The 211 families still living at Forest Cove need new homes fast, after an Atlanta judge condemned the dangerously dilapidated Section 8 complex over two months ago. For now, however, they’ll have to keep waiting.
The December condemnation order gave Forest Cove’s owner, Millennia Housing Management, until March 1 to relocate the families, but the developer has appealed, leaving those renters in limbo — and squalor. For years, the poorly maintained complex has been plagued by rodents, roaches, mold, sewage leaks, and violent crime.
The city of Atlanta intervened last month, announcing it had found enough publicly owned apartments to accommodate most tenants — but some units “may not match the need” for Forest Cove residents with children, the head of Atlanta Housing (AH) told Atlanta Civic Circle on Wednesday.
The public housing authority’s CEO, Eugene Jones, said some of the 170 AH-owned units it had identified as move-in ready may not be suitable for Forest Cove families, because they need more space.
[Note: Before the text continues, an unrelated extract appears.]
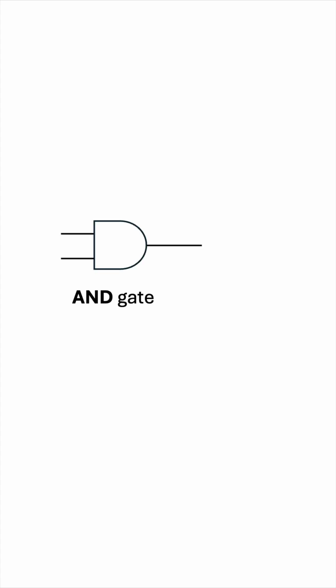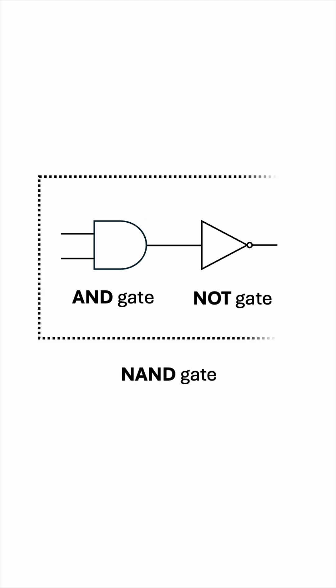Because the NAND gate is the opposite of the AND gate, it can be implemented using an AND gate followed by a NOT gate. This combination is precisely the NAND gate in action.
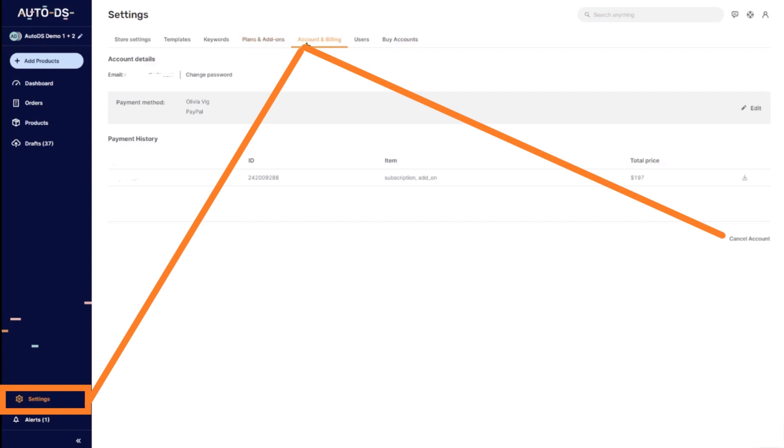And now after selecting the accounts and billing option, now you have to click on the cancel account button for cancelling the subscription. So click the cancel account button here.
Sixty-three of the available units only have one bedroom, for instance, while many families with children likely need two bedrooms or more.
The city is continuing to search for units that could, at least temporarily, provide refuge for Forest Cove renters, city officials told Atlanta Civic Circle this week.
In the meantime, Millennia has agreed to stop collecting rent — after tenants launched a rent strike. It also has beefed up security, is providing regular trash collection, and making repairs, according to Millennia spokesperson Valerie Jerome. She said in an email that maintenance staff is prioritizing “life safety issues” and emergency repairs, so other needed fixes reported by tenants will be handled in the order received.
“The [maintenance] team is not large enough to meet the requests of the residents and needs at the property,” Arthur Krauer, the developer’s community affairs director, said in a Feb. 22 letter to residents.
Millennia is trying to fill three maintenance positions, Krauer’s letter added, and he blamed the vacancies in part on the “current job market,” saying it “adds to the difficulty.”
According to the Dec. 27 condemnation order, residents should already have been relocated at the beginning of March, ahead of a Sept. 22 deadline to demolish Forest Cove, but Millennia’s appeal pauses those deadlines.
Jerome did not say when residents should expect to start packing up.
Forest Cove residents have been promised a rehabilitated complex for years — long before Millennia acquired the property from Global Ministries Foundation in 2021, as part of a $250 million deal to buy Global Ministries’ national Section 8 portfolio.
The Ohio-based company conceded in a February letter to tenants that demolishing Forest Cove and rebuilding may be the only possible way forward – but that could take several years. Meanwhile, the complex’s 211 households, many with children enrolled at Thomasville Heights Elementary School nearby, are still hoping to find homes.